An event based log about a service offering
A Data Quality Checklist
As a follow up to my previous post, I have compiled a checklist that can used to manage the effort of preparing for a data quality engagement.
- Form a data quality mission statement
- Define the systems and data in-scope
- Define the data quality environment
- Extract the data and land it to the data quality environment
[tweetmeme source=”dqchronicle” only_single=false http://wp.me/prD2R-et]
Form a data quality mission statement
- This statement should include the nature of the data issues encountered and their business impacts. This statement can be developed from the tales of data issues recanted by business stakeholders, logs or remediation requests submitted to the data management team, or derived from the requirements of upcoming data migration projects.
In an effort to reduce marketing costs, a data quality effort will be initiated to reduce the customer record duplication by forming a master customer record, identify and correct invalid customer addresses, and form customer households.
Define the systems and data in-scope
- Once the data issues have been identified, data elements that are most significant can be defined and constitute the elements in scope. Significance can be developed by identifying the data which is highly coupled with the business impacts identified in the mission statement.
The data which supports customer master records, correcting invalid addresses and forming householding includes customer name and address which is sourced from the CRM application. Customer name consists of the following attributes name prefix, first name, middle initial, last name and name suffix. Customer address consists of the following attributes street number, street name, suite or apartment number, city, state, postal code, and country code/name.
Define the data quality environment
- There are some options worth investigating when considering a data quality environment. The main criteria for selecting a data quality environment are cost, available resources and implementation time. Quite often data quality intiatives have a shorter timeframe than most information technology projects. They also typically have smaller budget allocation. However, they most definitely require additional resources. This mix brings about a necessity to plan for deployment of the data quality environment. One possible strategy is to procure the required hardware and software, dedicate a team of trained data quality practioners and begin the work of remediating data. Another possible strategy is to leverage leased based solutions where data is hosted on a secured cloud instance, lease terms are defined for software and experienced consultants are engaged to conduct the analysis. Often, these two strategies are combined in a phasic nature where the initial phase involves the latter and the subsequent phase involves the former.
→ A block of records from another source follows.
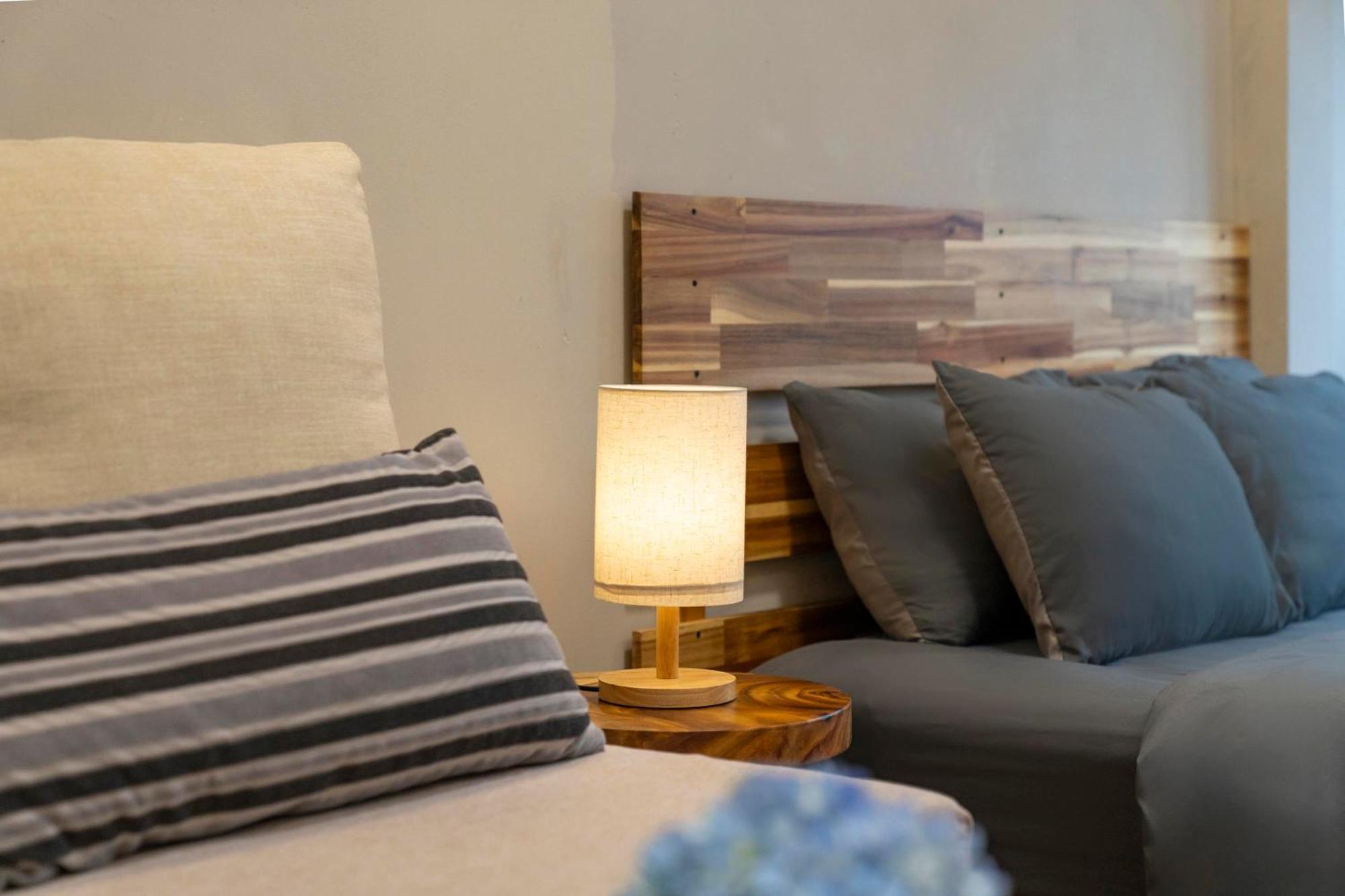 Trinh's House - Hang Vai Bed & Breakfast *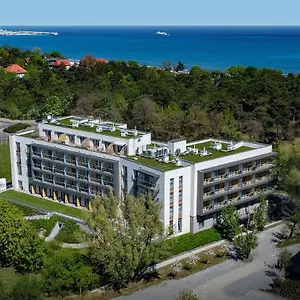 Sopotorium & Medical **** Sopot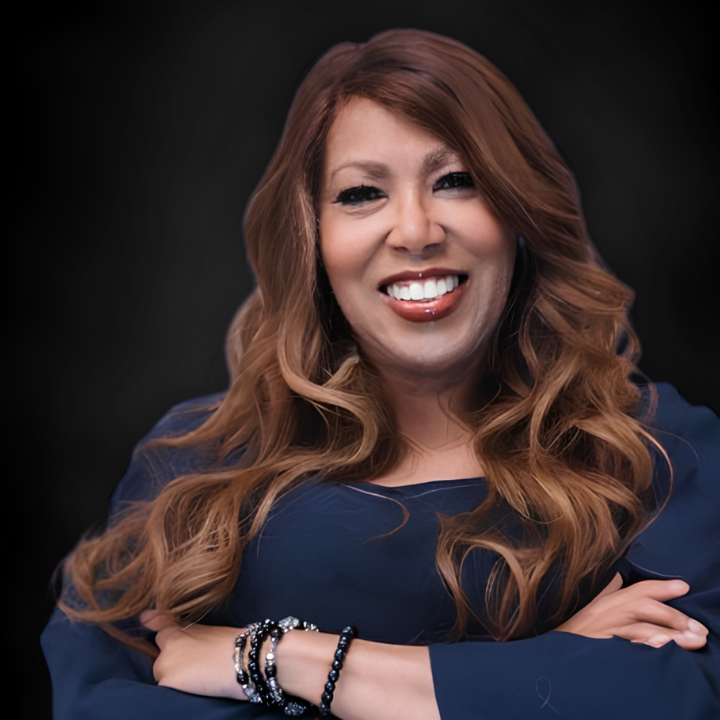 Kim Akins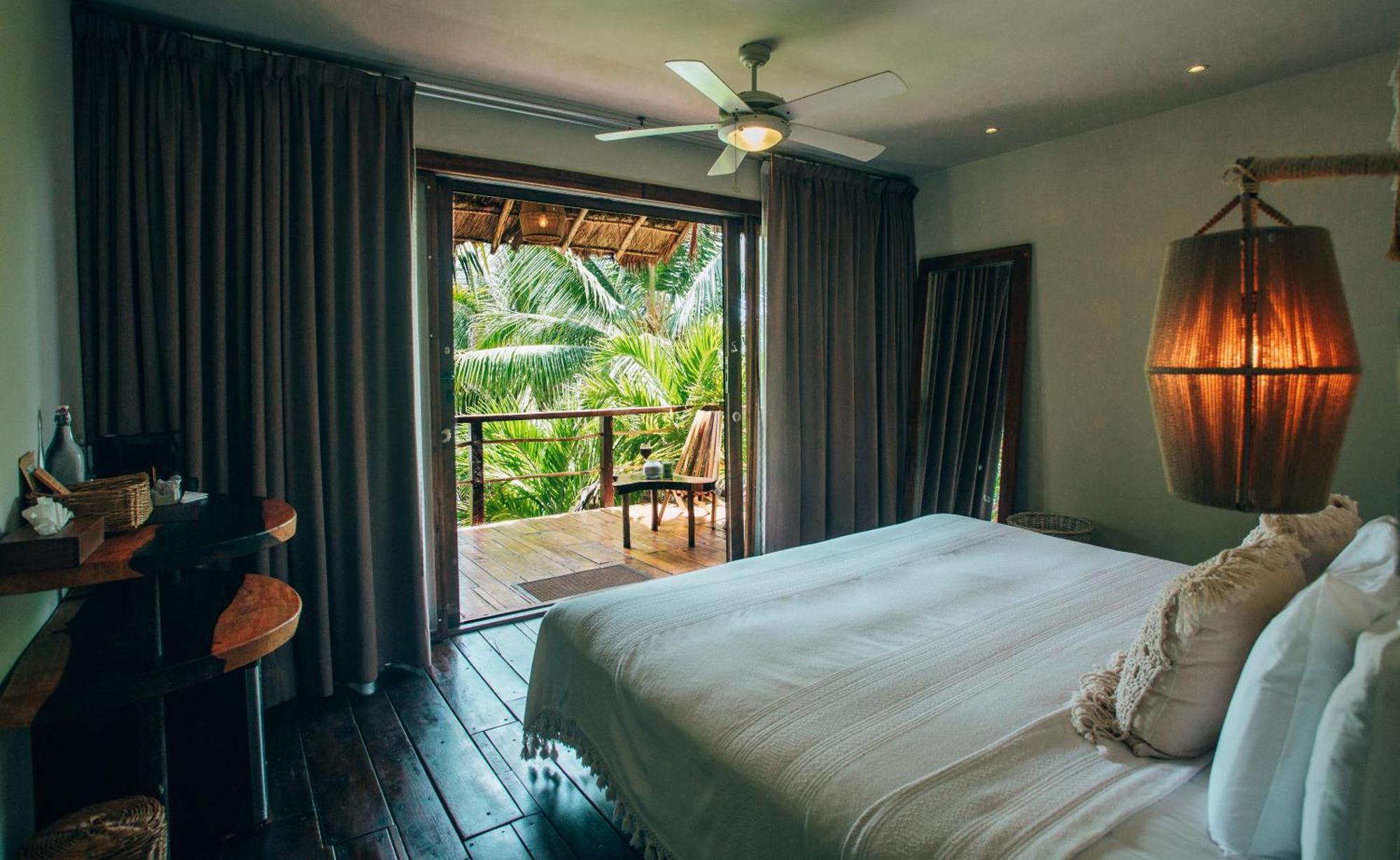 Orchid House Tulum Beach (Adults Only) 外观 照片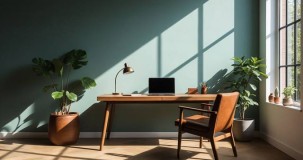 Hangi renk masaüstü gözü yormaz?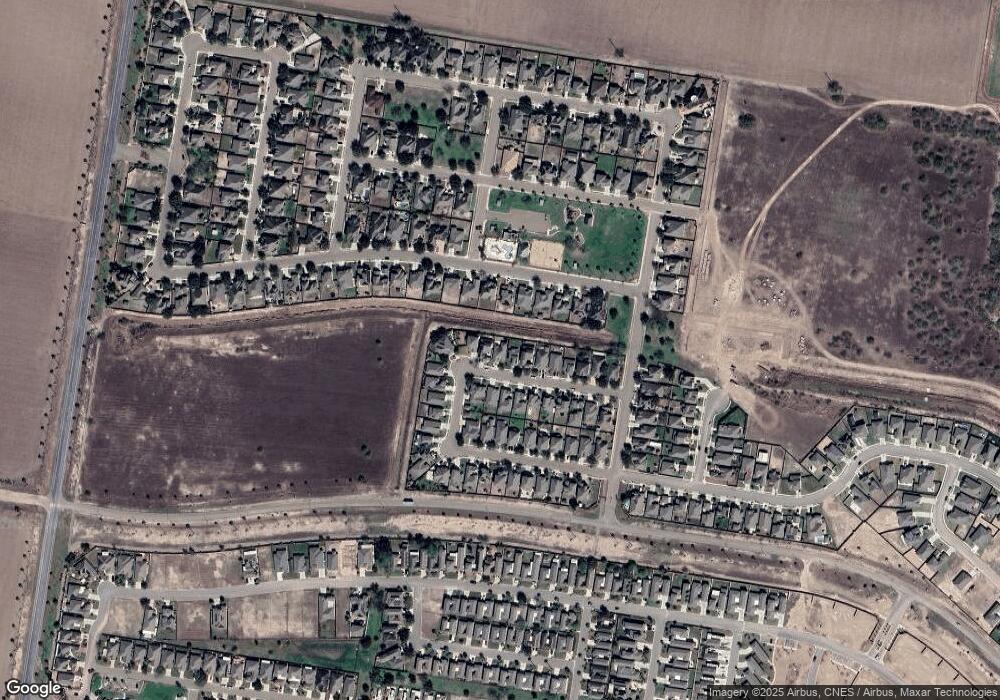 3800 Thrasher Dr, Mission, TX 78572 - photo 1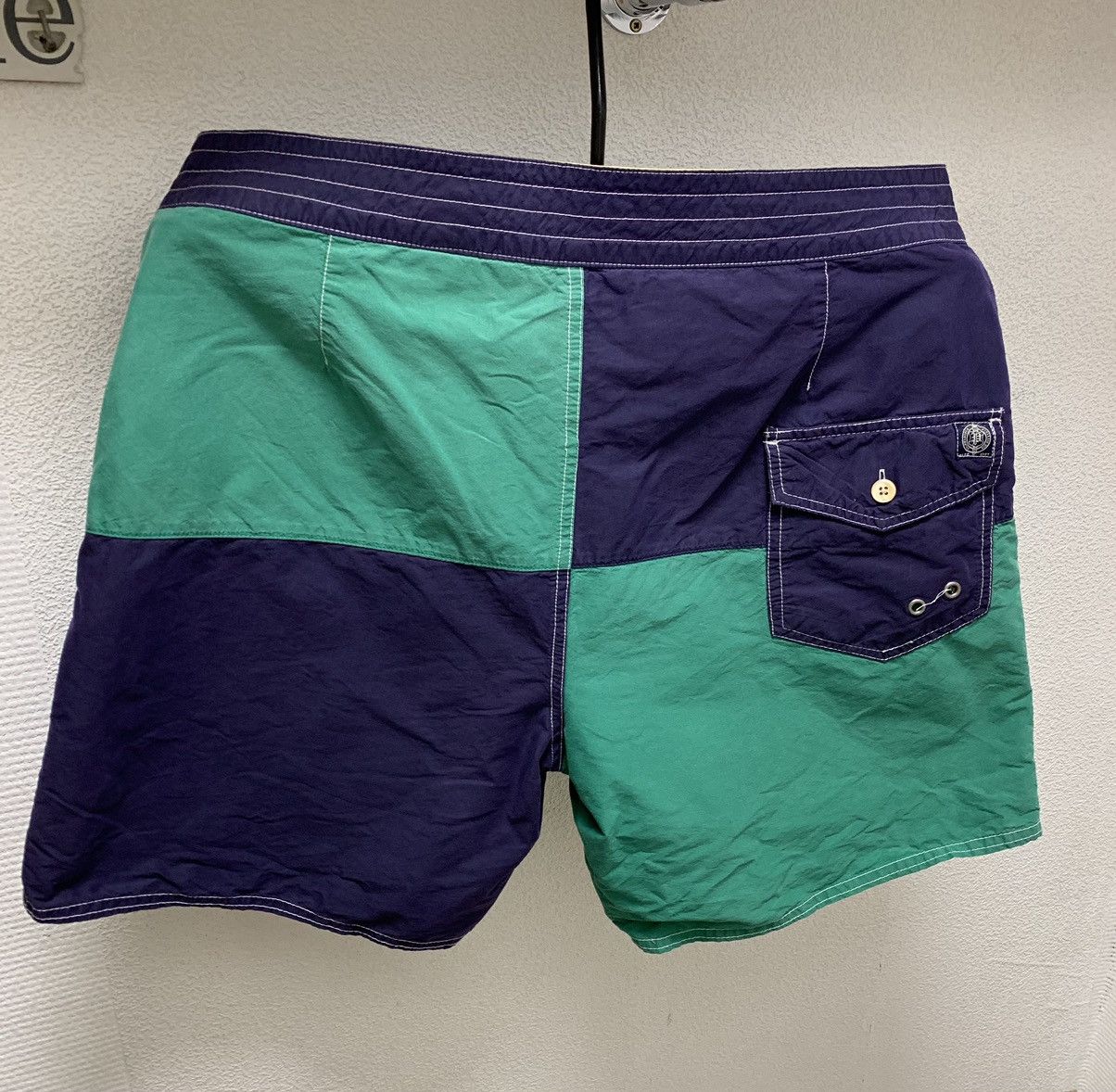 Ralph Lauren Polo Ralph Lauren PLR vintage shorts 36 size Xl Size US 36 / EU 52 - 5 Thumbnail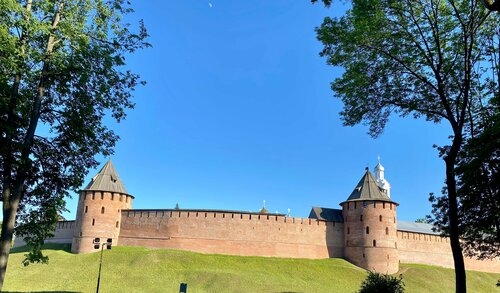 Парк Лэйн — фото 4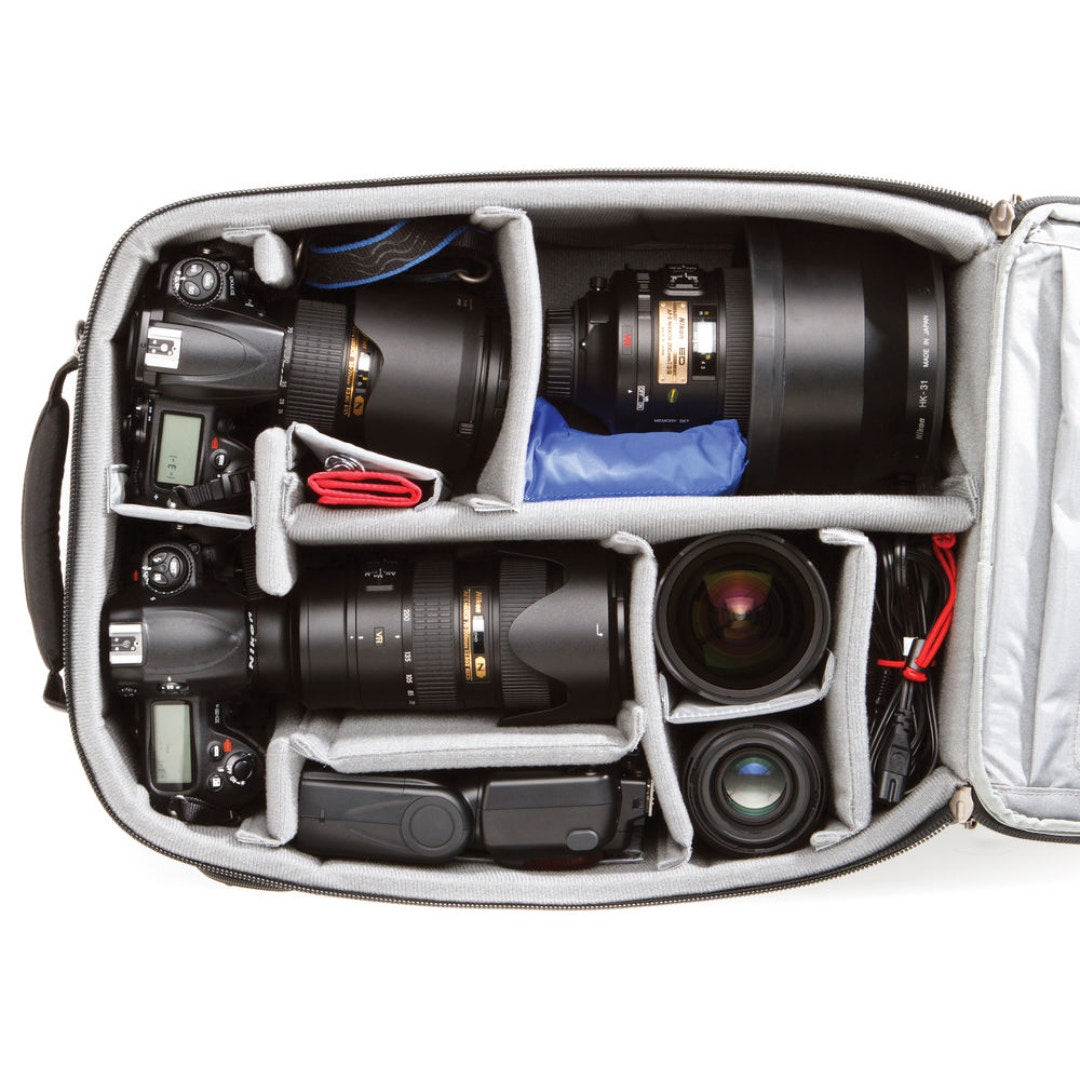 Think Tank Airport Accelerator Backpack - additional product view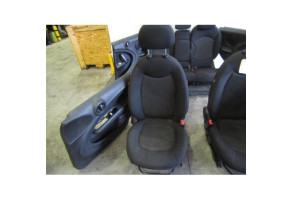 Interieur complet MINI MINI 2 R60 Photo n°3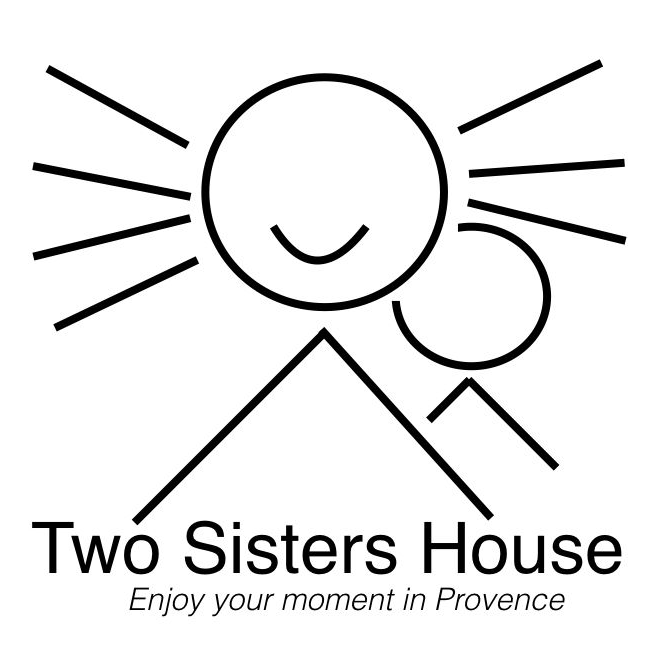 Two Sisters House Mont Ventoux Provence vakatiewoning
Hardware requirements include a dedicated server with an 8 core CPU with 8 GB of RAM and at least 200-400 GB of fast disk storage
Software requirements include a database management server and data quality toolset that includes assessment, remediation and reporting functions
Human resource requirements include a dedicated team that has knowledge of typcial data quality issues, data management techniques and business intelligence reporting
Extract the data and land it to the data quality environment
- Now that we know why we are performing data quality analysis, what data we are performing it on and where we are performing the analysis it is time to get the data staged into the data quality environment. This step is often underestimated and requires a level of planning that includes resources to extract the data and scheduling to coordinate appropriate times for data extraction and transfer.
The CRM DBA team develop and initiate the required queries to extract the defined data during production off-hours and transfer the data to the data quality environment no later than 24 hours following the completion of extraction completion.
It should be evident from this checklist that there are quite a few of time intensive tasks that need to take place prior to performing data quality analysis. I’ve listed them in the order I have found most chronically. Following this checklist is a way to establish momentum for a data quality project from the onset while reducing resource churn. I’ve formed this checklist by encountering a lack of momentum and experiencing extensive resource churn through the years. Hopefully it can prevent others from experiencing this by setting clear expectations of what it takes to be prepared!